Some of these companies work with shore factories, others with both shore factories and large floating factories on board steamers of up to seven thousand tons burden, and each company hunts the whales with, on an average, three to four small steamers, which harpoon the whales within a radius of eighty or ninety miles and tow them in to the shore factories, or the floating factory which is at anchor in some sheltered bay. The bodies are rapidly cut up at a fully equipped land station, and both the blubber and carcass are entirely utilised. At a floating station the bodies, as a rule, are cast adrift.

Whale Meat Meal and Guano

Whale meat meal is made from fresh whale flesh; it is used for feeding cattle. It contains 17½ per cent. proteid, and guano is made from the remaining flesh and about one-third bone. The analysis of this gives 8·50 per cent. ammonia and 21 per cent. triboric phosphates. The whole of the dried bones and meat may be made into one product—a rich guano with 10 to 12 per cent. ammonia and 17 to 24 per cent. phosphates. The best whale meat is better to eat and tastes better than the best beef; it is “lighter” and more appetising. The writer proposed to supply an immense quantity to our military authorities, but the offer was not accepted.

Whalebone or Baleen

The baleen or whalebone of these finner whales is only worth about £30 per ton. It hardly pays to cure it and market it. The whalebone of the Australis or Southern Right whale has fallen to £85 per ton; it is occasionally caught. Its bones and that of the finner brought down the price of the Greenland whalebone, which a few years ago was sold at between £2000 and £3000 per ton, one good whale having a ton in its mouth, which paid the expenses of the trip.

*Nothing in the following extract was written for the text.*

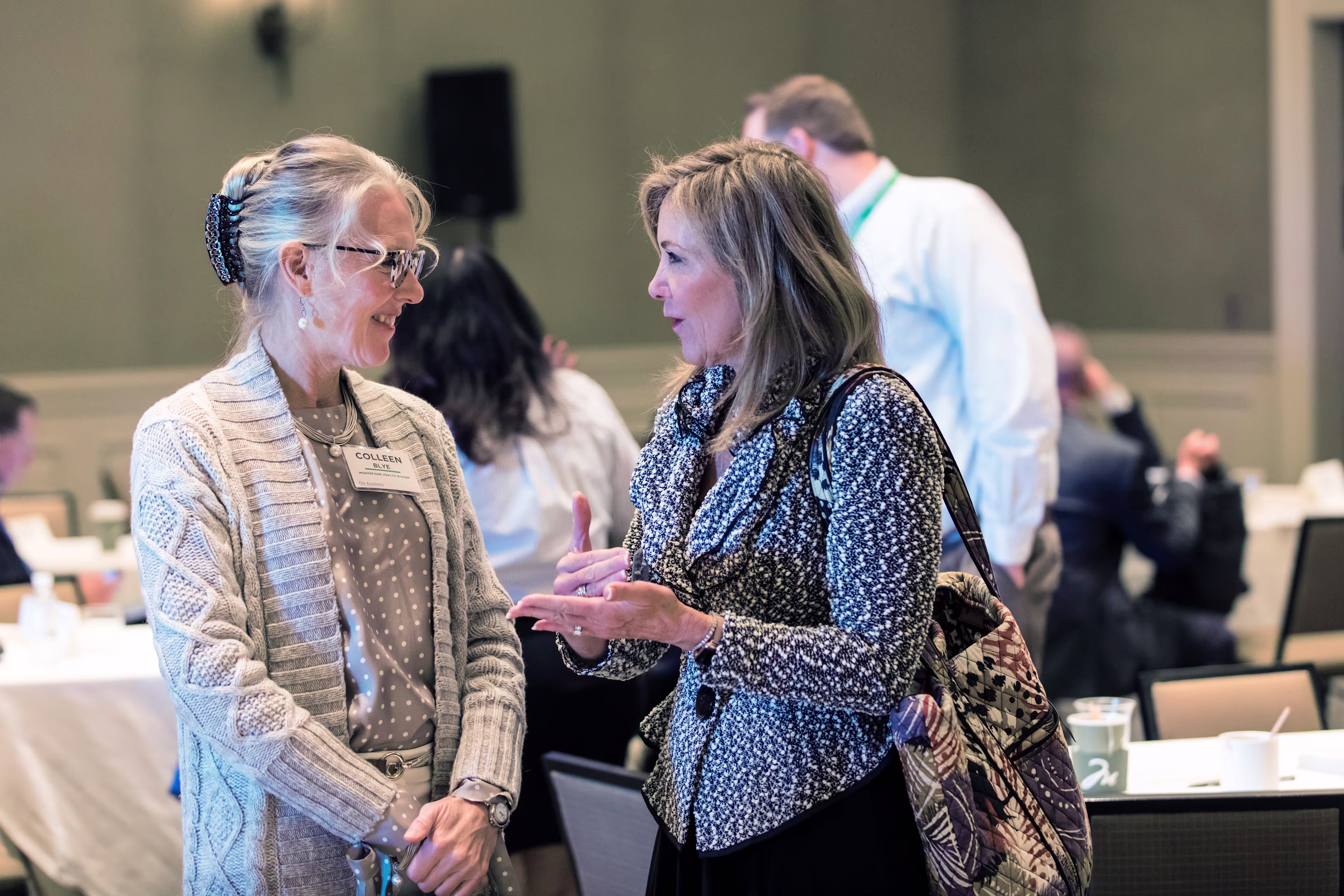 Two members speaking at our nursing leadership conference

During the short season, 1st November till end of April, in a recent year the catch in South Georgia by twenty-one steamers amounted to five thousand whales, finner, hump-back and blue whales, which gave two hundred thousand barrels of whale oil and eight thousand tons guano.

Returns from Whaling

Taking in the other islands of the Falkland Islands Dependencies in the neighbourhood of Cape Horn, the catch in a recent year amounted to four hundred and thirty thousand barrels of oil—eight thousand three hundred and seventy-five tons guano, the gross value of which may be reckoned at £1,360,000. Practically the whole of this goes to Norway.

For forty-eight years this Modern Whaling has been carried on in the North Atlantic, and since 1904 the Modern Whaling which we advocated in Edinburgh in 1895 has been prosecuted by Norwegians in the South Atlantic from desolate barren British possessions, with the great results mentioned above. There are vast areas of ocean teeming with these whales where, so far, they have not been hunted, and still the general British public stands aloof and takes no share in it. Whaling to-day, from the Norwegian point of view, is an industry: three generations have been brought up on it; but from the average British point of view it is still a speculation.